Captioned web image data
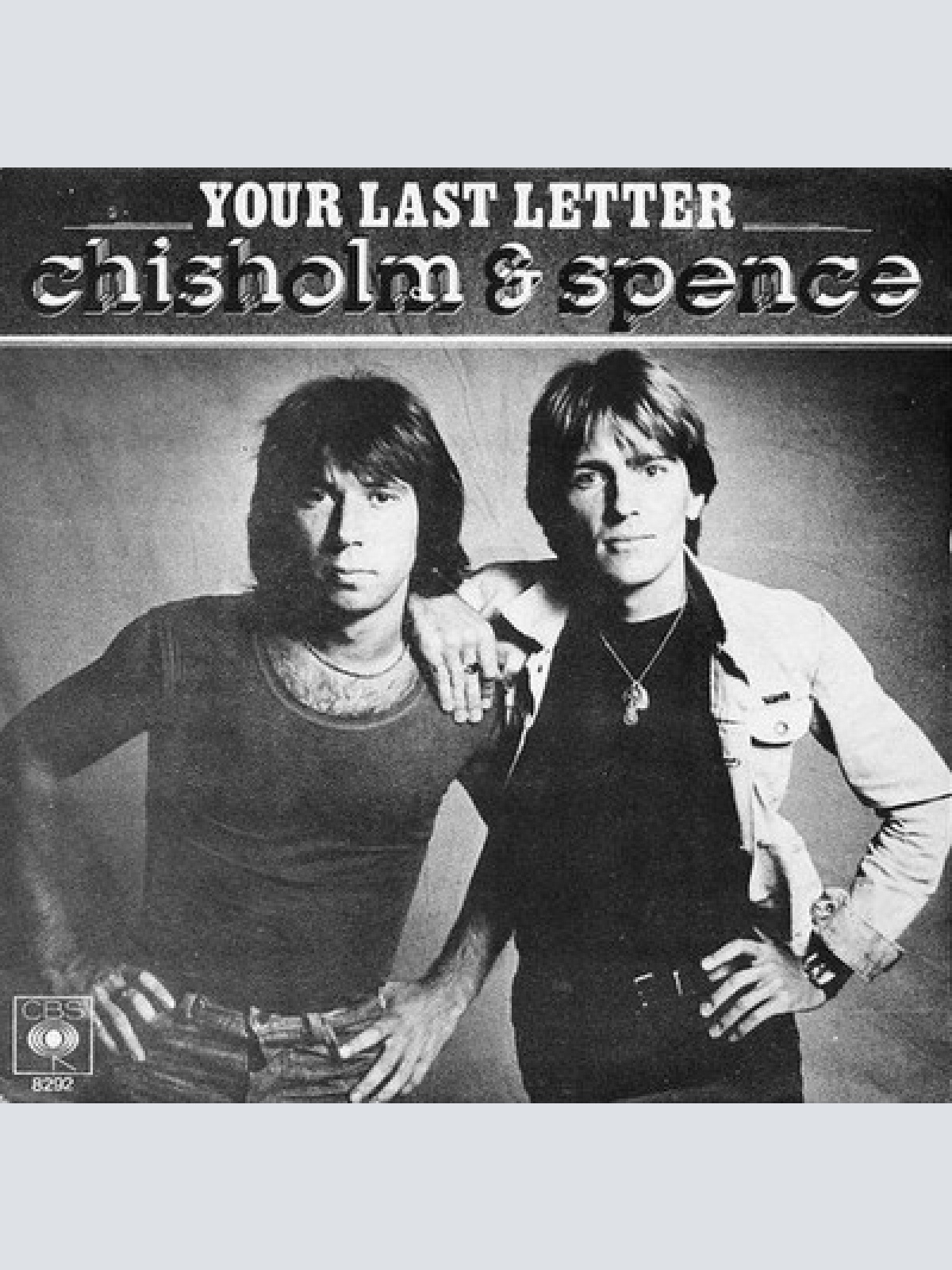 7", Single Chisholm & Spence - Your Last Letter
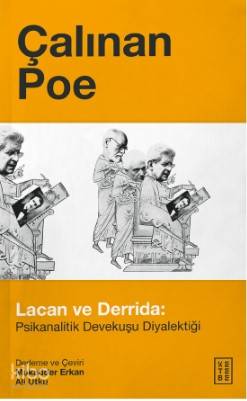  Çalınan Poe Lacan ve DerridaPsikanalitik Devekuşu Diyalektiği | Mukadder Erkan | Ali Utku | Ketebe Yayınları | 9786257014229 | 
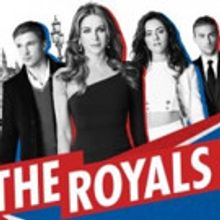 E!'s Scripted Drama THE ROYALS Returns for New Scandalous Season 12/4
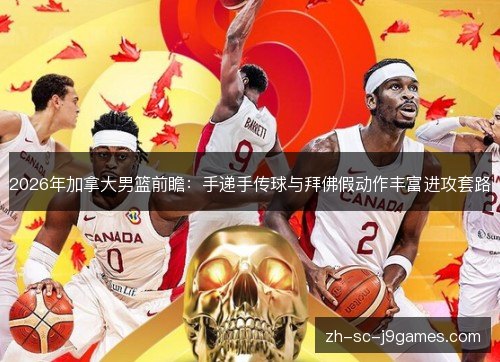 2026年加拿大男篮前瞻：手递手传球与拜佛假动作丰富进攻套路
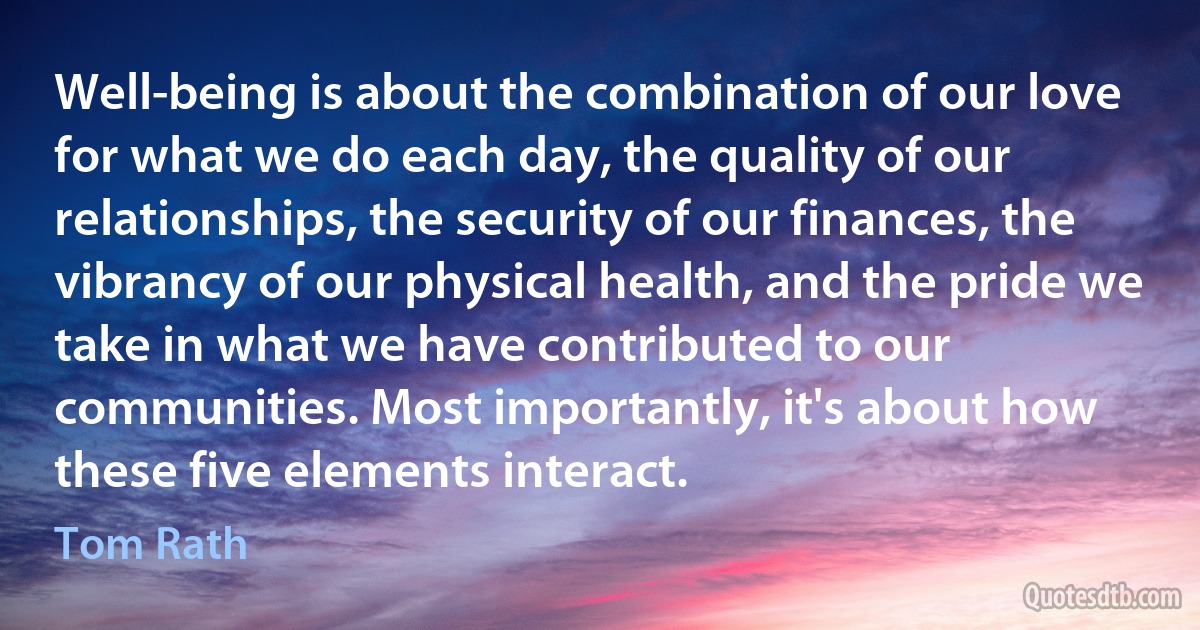 Well-being is about the combination of our love for what we do each day, the quality of our relationships, the security of our finances, the vibrancy of our physical health, and the pride we take in what we have contributed to our communities. Most importantly, it's about how these five elements interact. (Tom Rath)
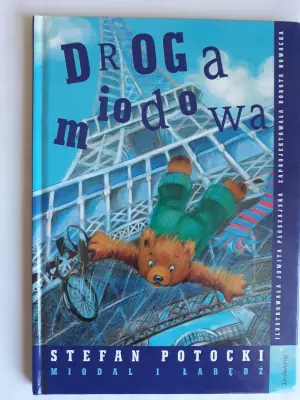 Droga miodowa. Miodal i łabędź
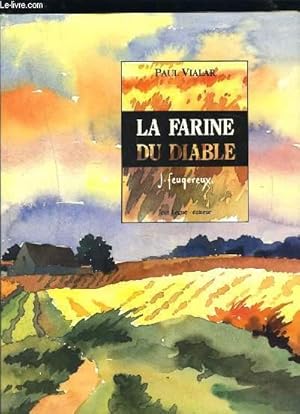 Bild des Verkufers fr LA FARINE DU DIABLE suivi de LA BEAUCE- ENVOI DE L ILLUSTRATEUR zum Verkauf von Le-Livre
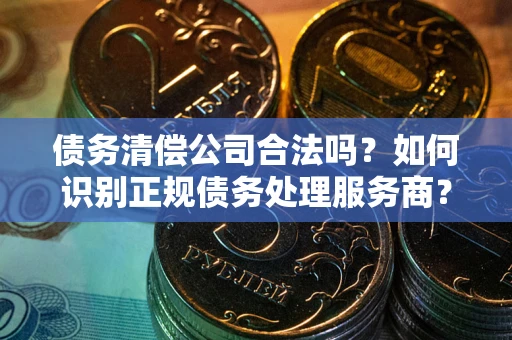 济南债务清偿公司合法吗？如何识别正规债务处理服务商？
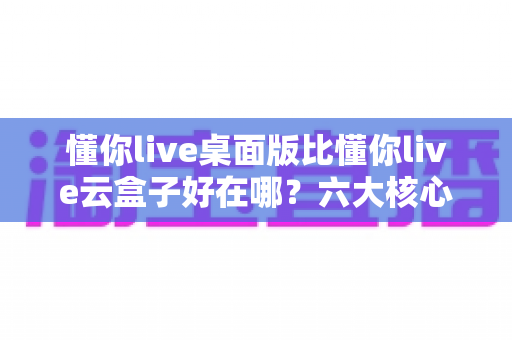 懂你live桌面版比懂你live云盒子好在哪？六大核心优势深度解析帮你做出最佳选择
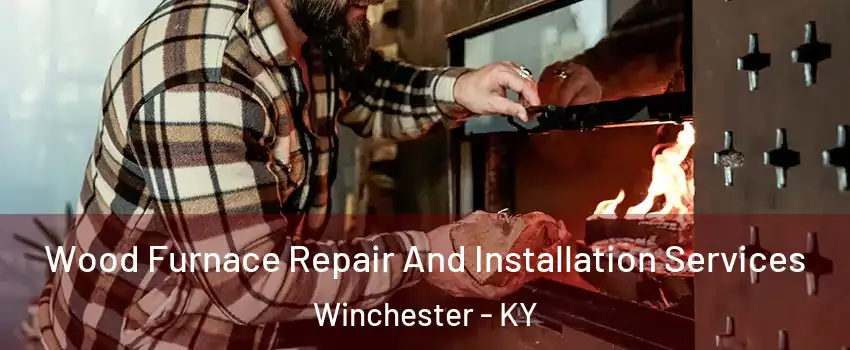  Wood Furnace Repair And Installation Services Winchester - KY
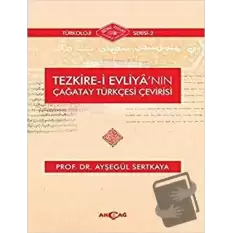 Tezkire-i Evliyanın Çağatay Türkçesi Çevirisi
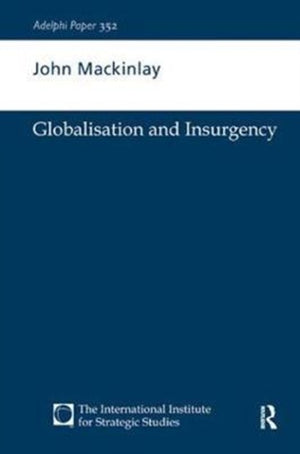 Globalisation and Insurgency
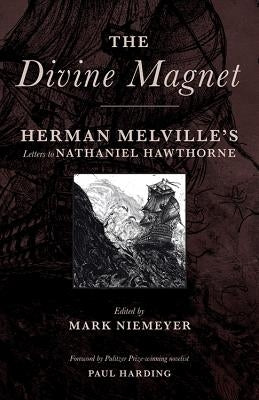 The Divine Magnet: Herman Melville's Letters to Nathaniel Hawthorne by Melville, Herman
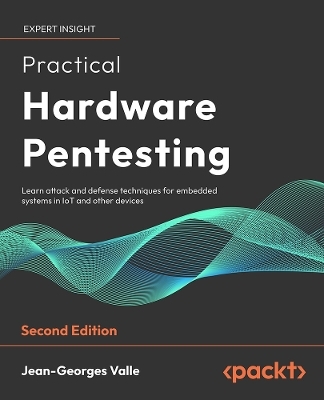 Practical Hardware Pentesting - Jean-Georges Valle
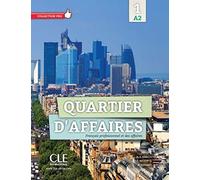 Quartier D'Affaires 1. Niveau A2. Livre De L'Élève (+ DVD): Français professionnel et des affaires: Vol. 1 (GRAMMAIRE)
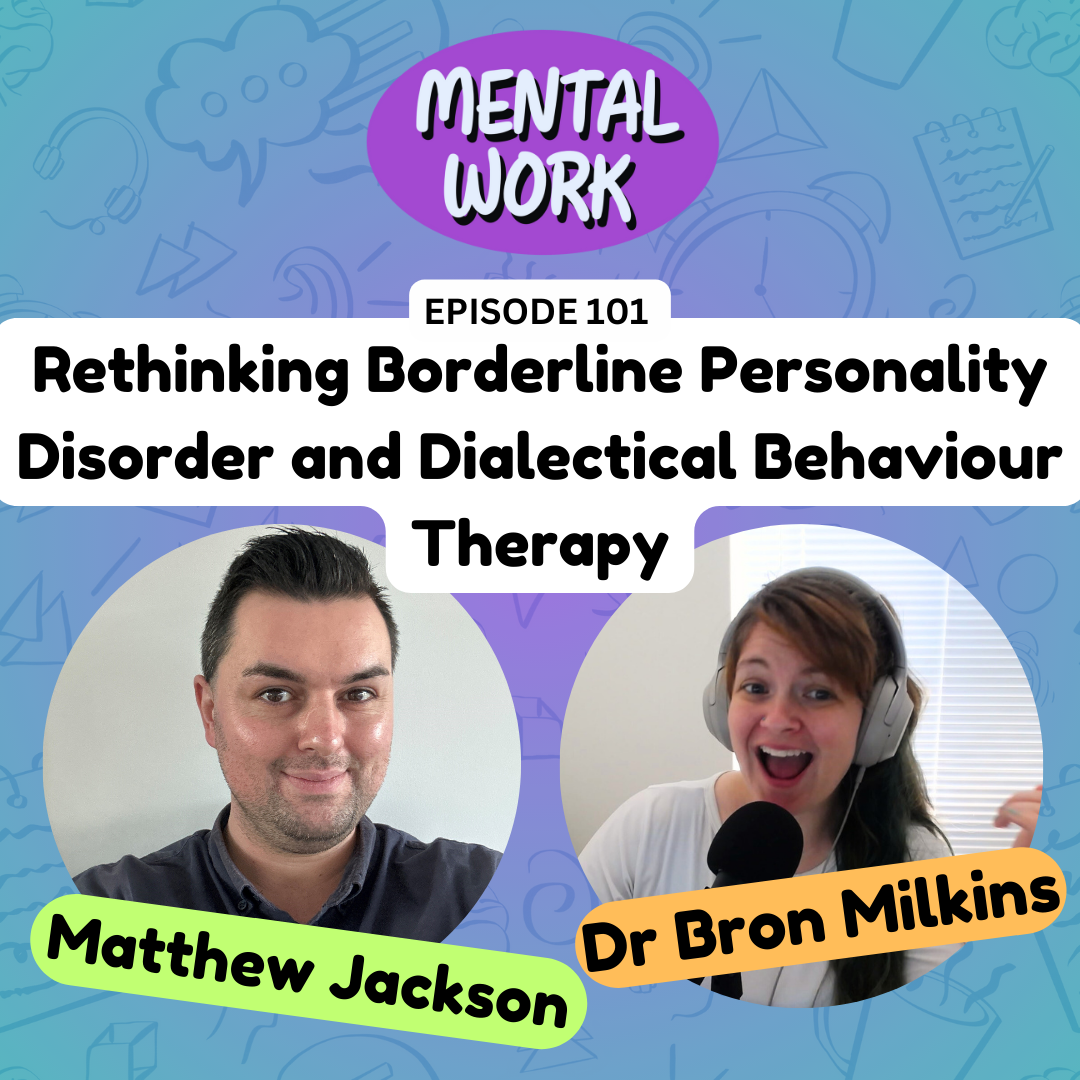 Rethinking Borderline Personality Disorder and Dialectical Behaviour Therapy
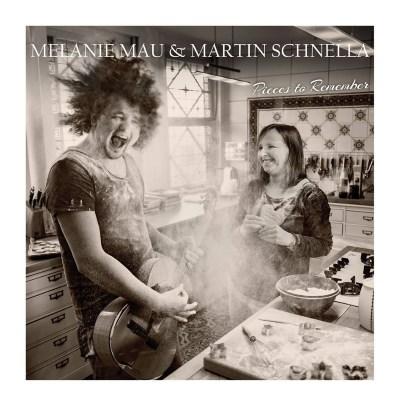 Melanie Mau et Martin Schnella - Pieces To Remember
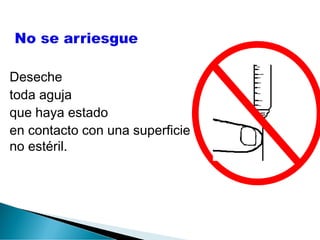 Deseche 
toda aguja 
que haya estado 
en contacto con una superficie 
no estéril. 
 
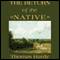 The Return of the Native (Unabridged) audio book by Thomas Hardy
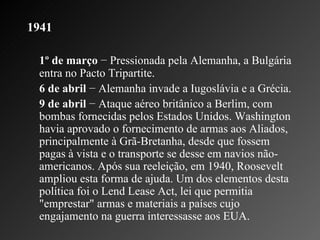 1941 1º de março  − Pressionada pela Alemanha, a Bulgária entra no Pacto Tripartite.  6 de abril  − Alemanha invade a Iugoslávia e a Grécia.   9 de abril  − Ataque aéreo britânico a Berlim, com bombas fornecidas pelos Estados Unidos. Washington havia aprovado o fornecimento de armas aos Aliados, principalmente à Grã-Bretanha, desde que fossem pagas à vista e o transporte se desse em navios não-americanos. Após sua reeleição, em 1940, Roosevelt ampliou esta forma de ajuda. Um dos elementos desta política foi o Lend Lease Act, lei que permitia "emprestar" armas e materiais a países cujo engajamento na guerra interessasse aos EUA.  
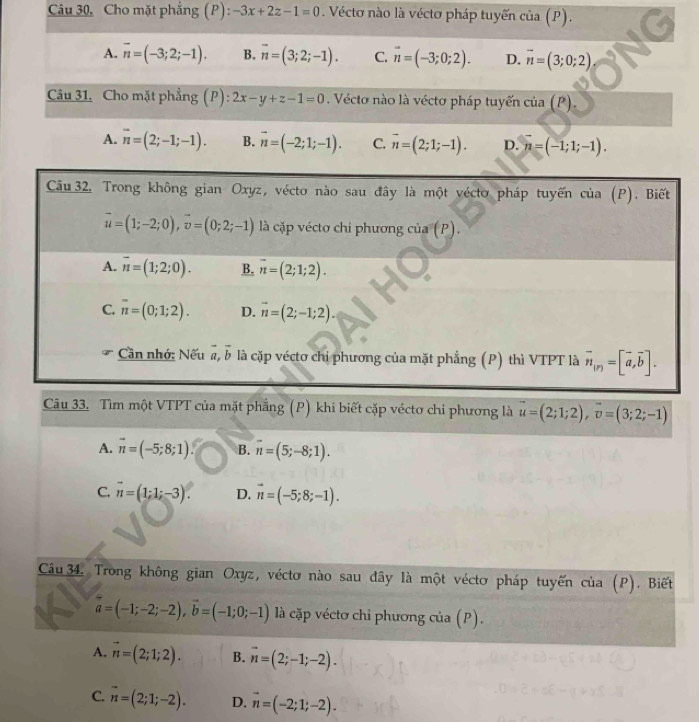 Câu 30, Cho mặt phẳng (P): -3x+2z-1=0. Véctơ nào là véctơ pháp tuyến của (P).
A. overline n=(-3;2;-1). B. overline n=(3;2;-1). C. vector n=(-3;0;2). D. vector n=(3;0;2)
Câu 31, Cho mặt phẳng (P): 2x-y+z-1=0. Vécto nào là vécto pháp tuyến cia(P).
A. overline n=(2;-1;-1). B. vector n=(-2;1;-1). C. vector n=(2;1;-1). D. n=(-1;1;-1).
Câu 33. Tìm một VTPT của mặt phẳng (P) khi biết cặp véctơ chi phương là vector u=(2;1;2),vector v=(3;2;-1)
A. vector n=(-5;8;1). B. overline n=(5;-8;1).
C. vector n=(1;1;-3). D. vector n=(-5;8;-1).
Câu 34 Trong không gian Oxyz, véctơ nào sau đây là một véctơ pháp tuyến của (P). Biết
vector a=(-1;-2;-2),vector b=(-1;0;-1) là cặp véctơ chỉ phương của (P).
A. vector n=(2;1;2). B. vector n=(2;-1;-2).
C. vector n=(2;1;-2). D. vector n=(-2;1;-2).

- **TRY IT**:
Each line above that falls between the line with "Çalınan Poe Lacan" and the line with "The Return of" should be printed exactly, together with those two lines, but the pictures should not.

- **ANSWER SECTION**:
  Çalınan Poe Lacan ve DerridaPsikanalitik Devekuşu Diyalektiği | Mukadder Erkan | Ali Utku | Ketebe Yayınları | 9786257014229 | 
 E!'s Scripted Drama THE ROYALS Returns for New Scandalous Season 12/4
 2026年加拿大男篮前瞻：手递手传球与拜佛假动作丰富进攻套路
 Well-being is about the combination of our love for what we do each day, the quality of our relationships, the security of our finances, the vibrancy of our physical health, and the pride we take in what we have contributed to our communities. Most importantly, it's about how these five elements interact. (Tom Rath)
 Droga miodowa. Miodal i łabędź
 Bild des Verkufers fr LA FARINE DU DIABLE suivi de LA BEAUCE- ENVOI DE L ILLUSTRATEUR zum Verkauf von Le-Livre
 济南债务清偿公司合法吗？如何识别正规债务处理服务商？
 懂你live桌面版比懂你live云盒子好在哪？六大核心优势深度解析帮你做出最佳选择
  Wood Furnace Repair And Installation Services Winchester - KY
 Tezkire-i Evliyanın Çağatay Türkçesi Çevirisi
 Globalisation and Insurgency
 The Divine Magnet: Herman Melville's Letters to Nathaniel Hawthorne by Melville, Herman
 Practical Hardware Pentesting - Jean-Georges Valle
 Quartier D'Affaires 1. Niveau A2. Livre De L'Élève (+ DVD): Français professionnel et des affaires: Vol. 1 (GRAMMAIRE)
 Rethinking Borderline Personality Disorder and Dialectical Behaviour Therapy
 Melanie Mau et Martin Schnella - Pieces To Remember
 Deseche 
toda aguja 
que haya estado 
en contacto con una superficie 
no estéril. 
 
 The Return of the Native (Unabridged) audio book by Thomas Hardy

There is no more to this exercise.